Oh, the Joy and Beauty1
“Scrooge.” The word played with its shadow while he feigned resignation. “In August.”
She could see only his eyes, where he’d lowered the New York Times Week in Review section, the one he always read first on a Sunday afternoon. Those eyes were laughing.
“A tale for all seasons …” she moralized, turned serious. “Do you mind, Love?” Her expression reflected the sweet certainty of his answer.
He folded the papers.
“Of course not. Here … I’ll get the VCR ready. Come and sit. Should we lower the thermostat for the air conditioner … perfect the mood?”
“You’re teasing me,” she pretend-pouted.
“Only a little. Ah, Albert Finney. The singing and dancing … the joy and beauty.’
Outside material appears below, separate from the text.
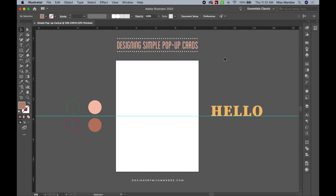This is Mandy from Designs by Miss Mandy, and today I'm going to be showing you how to design simple pop-up cards in Adobe Illustrator. I'll also show you how to set up your designs in Cricut Design Space. There are many different styles of pop-up cards, but today I'll just be showing you one method. So let's get going.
“Will you join the chorus?”
“I seem to recall a similar conversation the last time we watched this … was it in April?”
“Probably … and you didn’t sing.”
“I may hum occasionally. I do not sing.”
Performing for her theatrical stare he conceded, “Well, perhaps some words set to melody do escape me … on that very rare occasion …”
She grinned then, a full, happy glowing. “Perhaps … indeed! But, okay, I’ll neither beg nor anticipate your vocal performance during the movie. Just watching. Listening. And enjoying. Together.”
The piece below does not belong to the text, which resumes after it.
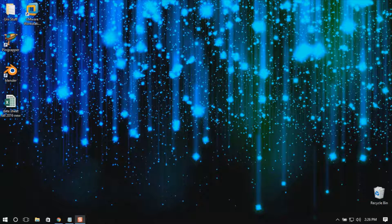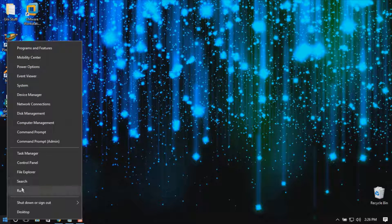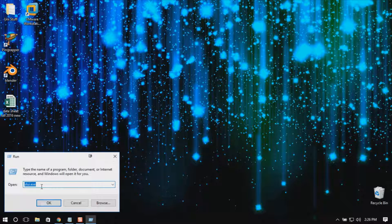Hello viewers, welcome back. In this video I will tell you how to change the product key in Windows 10. It's a very easy method — you just have to go to Run and type slui.exe.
“Your parents left you this rather … unusual … tradition, you know…Christmas Carol in summer. Fall. Spring. And December.”
“You’re not bored, are you?”
“Nine, I think, and there’s ever hope for more.”
He squeezed her close. “My Love. My Optimist. My Christmas Carol Fan.”
At the exultant ending, Ebenezer, reformed and redeemed by Jacob Marley and the other Christmas Spirits, closes his front door, eager to “… get ready for Christmas dinner with my family.” That left the camera to charm viewers with the final scene: a lion-head doorknocker sporting a white moustache and beard and a fur-trimmed-red-velvet Santa Claus hat.
They sat through the scrolling credits because she loved the lyrics that celebrated in accompaniment.
“Vincent … you are the joy and beauty of my life.”
He leaned forward, kissed her lips with the barest touch. “Joy and beauty is all around us. Sometimes it can be hard to recognize when one feels … alone. That’s what Scrooge learned from his guests. ”
“Are you saying I’m your Jacob Marley?”
“Perhaps. How does that make you feel?”
“Not very glamorous. Terrible hair. Necessary?”
He raised her hands, held them against his chest. “For me, there is beauty in everything, Catherine … in the strength of the stone walls Below … the shifting dust of the tunnel floors … in a stormy day beyond these windows … our garden when winter frosts each bush, each separate and amazing blade of grass, sets them to sparkle in the sun. Our love … glorifies … every view as I turn to look … my only need is for more of you … ever more … When I see what I’ve been given, all that is laid out before me to cherish or disdain as I might choose … I realize the choice is… gone … Is that not wonderful! Our Scrooge learned to refuse the possibility of negative choice and that’s why he could be happy.”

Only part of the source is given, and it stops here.